Katie Melua is originally from Georgia - the ex-Soviet one, not the American one - but moved to Britain as a child. "Katie" is an anglicisation of "Ketevan." She's been a very successful albums artist around Europe, under the management of Mike Batt, of all people. Batt, you might remember, was responsible for the Wombles and Vanessa-Mae. Personally, she's not really my thing, but she's one of the better MOR acts. Her previous biggest hit was "Nine Million Bicycles", which got to number 5 in 2005.

It is what it is. And it was never going to spend more than a week at number one, because next up, we have the X-Factor 2007 winner...

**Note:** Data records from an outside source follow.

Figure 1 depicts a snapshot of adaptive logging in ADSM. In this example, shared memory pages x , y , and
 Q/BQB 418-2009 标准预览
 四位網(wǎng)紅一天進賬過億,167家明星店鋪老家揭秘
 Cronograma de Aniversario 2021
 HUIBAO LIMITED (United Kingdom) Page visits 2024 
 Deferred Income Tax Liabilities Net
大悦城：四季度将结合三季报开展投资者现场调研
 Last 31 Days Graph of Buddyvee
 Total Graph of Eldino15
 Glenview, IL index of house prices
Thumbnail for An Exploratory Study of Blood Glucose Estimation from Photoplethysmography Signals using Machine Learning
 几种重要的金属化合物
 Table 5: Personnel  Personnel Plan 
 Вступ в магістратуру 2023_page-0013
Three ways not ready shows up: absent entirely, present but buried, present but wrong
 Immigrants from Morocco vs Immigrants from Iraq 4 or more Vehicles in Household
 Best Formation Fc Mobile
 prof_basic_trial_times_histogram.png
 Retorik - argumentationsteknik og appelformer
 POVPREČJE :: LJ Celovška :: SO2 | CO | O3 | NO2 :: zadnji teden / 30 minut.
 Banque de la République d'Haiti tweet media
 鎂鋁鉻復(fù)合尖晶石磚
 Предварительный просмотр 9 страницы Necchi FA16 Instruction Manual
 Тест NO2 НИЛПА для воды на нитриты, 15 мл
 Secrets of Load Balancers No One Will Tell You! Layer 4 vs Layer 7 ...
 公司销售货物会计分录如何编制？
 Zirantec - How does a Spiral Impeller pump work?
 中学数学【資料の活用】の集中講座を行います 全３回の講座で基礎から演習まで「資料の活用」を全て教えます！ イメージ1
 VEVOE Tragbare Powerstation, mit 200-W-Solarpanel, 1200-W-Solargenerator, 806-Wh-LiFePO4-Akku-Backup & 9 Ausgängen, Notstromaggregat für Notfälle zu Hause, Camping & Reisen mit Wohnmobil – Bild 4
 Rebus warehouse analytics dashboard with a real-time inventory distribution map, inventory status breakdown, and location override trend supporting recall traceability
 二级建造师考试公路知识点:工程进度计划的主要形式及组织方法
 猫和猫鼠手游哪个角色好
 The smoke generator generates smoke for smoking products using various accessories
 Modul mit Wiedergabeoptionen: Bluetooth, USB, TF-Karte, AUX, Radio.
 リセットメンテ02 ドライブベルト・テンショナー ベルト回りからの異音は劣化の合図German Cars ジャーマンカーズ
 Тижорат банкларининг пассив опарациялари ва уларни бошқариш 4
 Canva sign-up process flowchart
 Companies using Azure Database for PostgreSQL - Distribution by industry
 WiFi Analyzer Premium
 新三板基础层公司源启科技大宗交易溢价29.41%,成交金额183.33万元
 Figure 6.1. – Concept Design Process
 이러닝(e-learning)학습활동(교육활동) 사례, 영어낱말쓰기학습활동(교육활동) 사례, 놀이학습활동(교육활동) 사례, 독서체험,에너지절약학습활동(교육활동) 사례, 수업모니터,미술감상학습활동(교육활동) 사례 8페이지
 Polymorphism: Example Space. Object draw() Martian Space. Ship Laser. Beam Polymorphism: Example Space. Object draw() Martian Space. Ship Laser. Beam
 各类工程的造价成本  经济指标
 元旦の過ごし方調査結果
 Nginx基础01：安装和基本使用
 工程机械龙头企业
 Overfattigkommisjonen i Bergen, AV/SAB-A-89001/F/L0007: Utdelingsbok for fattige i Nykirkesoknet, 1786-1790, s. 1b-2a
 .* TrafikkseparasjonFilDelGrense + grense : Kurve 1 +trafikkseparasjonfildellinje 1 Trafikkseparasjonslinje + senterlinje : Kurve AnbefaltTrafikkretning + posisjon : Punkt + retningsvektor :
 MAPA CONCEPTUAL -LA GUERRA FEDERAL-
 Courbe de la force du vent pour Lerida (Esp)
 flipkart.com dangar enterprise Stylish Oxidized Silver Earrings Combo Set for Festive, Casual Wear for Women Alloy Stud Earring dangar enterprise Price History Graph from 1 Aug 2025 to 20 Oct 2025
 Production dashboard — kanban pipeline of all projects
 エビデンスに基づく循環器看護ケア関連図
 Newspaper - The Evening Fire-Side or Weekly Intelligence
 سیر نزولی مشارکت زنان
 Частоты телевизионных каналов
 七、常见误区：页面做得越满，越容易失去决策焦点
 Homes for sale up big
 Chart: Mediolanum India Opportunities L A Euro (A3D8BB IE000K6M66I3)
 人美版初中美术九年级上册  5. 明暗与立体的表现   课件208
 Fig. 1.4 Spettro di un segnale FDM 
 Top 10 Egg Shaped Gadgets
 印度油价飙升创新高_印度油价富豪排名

What is it about X-Factor winners that makes YouTube carry all their videos in the wrong aspect ratio? Believe me, I've searched, and nobody seems to have thought of taking a correct version from the TV...

Anyway. "When You Believe" by Leon Jackson (23 December 2007 to 13 January 2008, 4 weeks). As is traditional, it's a sappy ballad about triumph over adversity. This one was originally recorded by Whitney Houston and Mariah Carey for the "Prince of Egypt" soundtrack ten years ago, and it wasn't much better when they did it. It got to number 4 in Britain.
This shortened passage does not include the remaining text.